What you should do: What you produce should be an exact transcription of the data, minus any pictures.

Data segment:
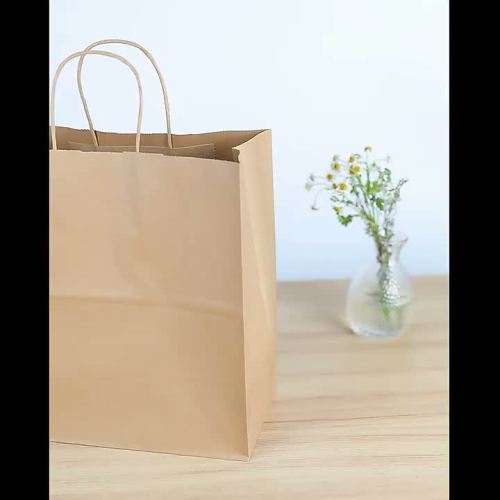 Kraft paper bag, environmentally friendly paper bag, supports customization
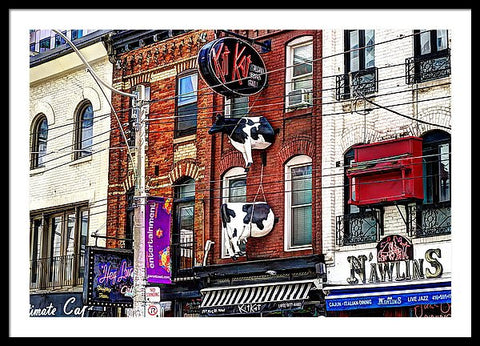 King Street West - Framed Print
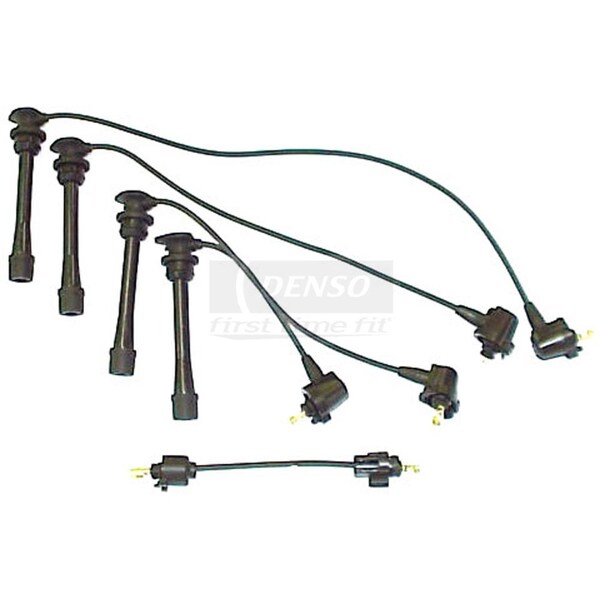 Denso Spark Plug Wire Set 1991-1997 Toyota Previa 2.4L, 671-4142 671-4142 - main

Expected output:
 Kraft paper bag, environmentally friendly paper bag, supports customization
 King Street West - Framed Print
 Denso Spark Plug Wire Set 1991-1997 Toyota Previa 2.4L, 671-4142 671-4142 - main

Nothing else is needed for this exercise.